We will need to do 2 queries assuming that there is now a "Structure_Id" column in Entry_Latest_Archive:

# 1) Check for new released entries e.g. new REL entries (released after T0). Note: the new entries released this cycle will be returned with null constraint  if the script runs the first time (e.g. it hasn't been picked up before). The subsequent runs of the script will get the new releases from Entry_Latest_Archived entries that were generated within this cycle (e.g. RCT > T0 and Submittion_Time=T1) 

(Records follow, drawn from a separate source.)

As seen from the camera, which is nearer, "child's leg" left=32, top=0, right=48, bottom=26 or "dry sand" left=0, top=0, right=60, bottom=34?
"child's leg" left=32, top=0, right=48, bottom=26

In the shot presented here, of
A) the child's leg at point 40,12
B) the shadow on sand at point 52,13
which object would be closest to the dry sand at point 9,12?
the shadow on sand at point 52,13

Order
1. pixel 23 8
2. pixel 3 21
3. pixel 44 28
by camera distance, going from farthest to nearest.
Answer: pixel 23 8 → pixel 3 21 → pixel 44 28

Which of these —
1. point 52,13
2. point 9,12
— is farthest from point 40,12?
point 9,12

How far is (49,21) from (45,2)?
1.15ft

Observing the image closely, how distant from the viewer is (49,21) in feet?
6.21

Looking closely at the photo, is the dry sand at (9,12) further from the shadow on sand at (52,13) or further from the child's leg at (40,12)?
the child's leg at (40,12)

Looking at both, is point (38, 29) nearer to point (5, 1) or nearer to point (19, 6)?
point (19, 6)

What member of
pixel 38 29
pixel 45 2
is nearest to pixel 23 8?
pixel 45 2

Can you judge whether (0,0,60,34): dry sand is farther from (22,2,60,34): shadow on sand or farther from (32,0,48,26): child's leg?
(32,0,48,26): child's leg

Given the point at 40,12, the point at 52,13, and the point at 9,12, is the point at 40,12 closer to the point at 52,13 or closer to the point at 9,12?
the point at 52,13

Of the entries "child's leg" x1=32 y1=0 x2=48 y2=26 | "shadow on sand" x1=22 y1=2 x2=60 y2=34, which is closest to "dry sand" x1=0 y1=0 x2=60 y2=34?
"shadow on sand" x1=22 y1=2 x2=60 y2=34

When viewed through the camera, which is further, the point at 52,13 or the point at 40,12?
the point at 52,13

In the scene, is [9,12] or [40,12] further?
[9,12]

https://dev-aws.pdb-dev.org/ermrest/catalog/50/attribute/
E:=PDB:entry/Workflow_Status=REL/
F:=(id)=(PDB:Entry_Generated_File:Structure_Id)/File_Type=mmCIF/
A:=left(E:RID)=(PDB:Entry_Latest_Archive:Entry)/A:RID::null::;(A:RCT::gt::<T0>&A:Submission_Time=<T1>)/
$E/E:RID,E:id,...

# concrete example.. This works
https://dev-aws.pdb-dev.org/ermrest/catalog/50/attribute/E:=PDB:entry/Workflow_Status=REL/F:=(id)=(PDB:Entry_Generated_File:Structure_Id)/File_Type=mmCIF/A:=left(E:RID)=(PDB:Entry_Latest_Archive:Entry)/A:RID::null::;(A:RCT::gt::2024-08-22%2020%3A00%3A00-07%3A00&A:Submission_Time=2024-08-29%2020%3A00%3A00-07%3A00)/$E/E:RID,E:id,E:Deposit_Date,E:Accession_Code,F:File_URL,A:Entry,A:Submission_Time,A:mmCIF_URL

2) Get a list of re-released entries e.g. entries that mmCIF contents have changed since T0

https://dev-aws.pdb-dev.org/ermrest/catalog/50/attribute/
A:=PDB:Entry_Latest_Archive/A:RCT::leq::<T0>/
E:=(A:Entry)=(PDB:entry:RID)/Workflow_Status=REL/
F:=left(A:mmCIF_URL)=(PDB:Entry_Generated_File:File_URL)/F:RID::null::;(F:File_Type=mmCIF&A:Submission_Time=<T1>)/
$A/A:Entry,Archived_mmCIF_URL:=A:mmCIF_URL,Archived_Time:=A:Submission_Time

# concrete example. 
# -- waiting to test during 08/29 cycle:
https://dev-aws.pdb-dev.org/ermrest/catalog/50/attribute/A:=PDB:Entry_Latest_Archive/A:RCT::leq::2024-08-22T20%3A00%3A00-07%3A00/E:=(A:Entry)=(PDB:entry:RID)/Workflow_Status=REL/F:=left(mmCIF_URL)=(PDB:Entry_Generated_File:File_URL)/F:RID::null::;(F:File_Type=mmCIF&A:Submission_Time=2024-08-29%2020%3A00%3A00-07%3A00)/$A/E:RID,E:id,E:Deposit_Date,E:Accession_Code,F:File_URL,F:File_Name,A:Entry,A:Submission_Time,A:mmCIF_URL

# -- this URL is no longer relevant (it only supports the cycle of 08/22)
https://dev-aws.pdb-dev.org/ermrest/catalog/50/attribute/A:=PDB:Entry_Latest_Archive/
E:=(Entry)=(PDB:entry:RID)/Workflow_Status=REL/$A/F:=left(mmCIF_URL)=(PDB:Entry_Generated_File:File_URL)/F:File_URL::null::;(A:Submission_Time=2024-08-22%2015%3A00%3A00-07%3A00&A:RCT::leq::2024-08-15%2015%3A00%3A00-07%3A00)/$A/A:Entry,Archived_mmCIF_URL:=A:mmCIF_URL,Archived_Time:=A:Submission_Time,A:RCT,A:RMT

Model changes

@brindakv asked to add the two new columns to PDB_Archive table to help break down the submitted entries:

brindakv commented 2 months ago
hongsudt commented 2 months ago

Add the following configuration parameters: cutoff_time_pacific: "Thursday 20:00"

hongsudt commented 2 months ago

@svoinea We will need to drop the btree indexes for "Submitted_Files" and "Submission_History" using psql.. We should turn off facet and sorting in the annotation for these columns as well since btree is now gone.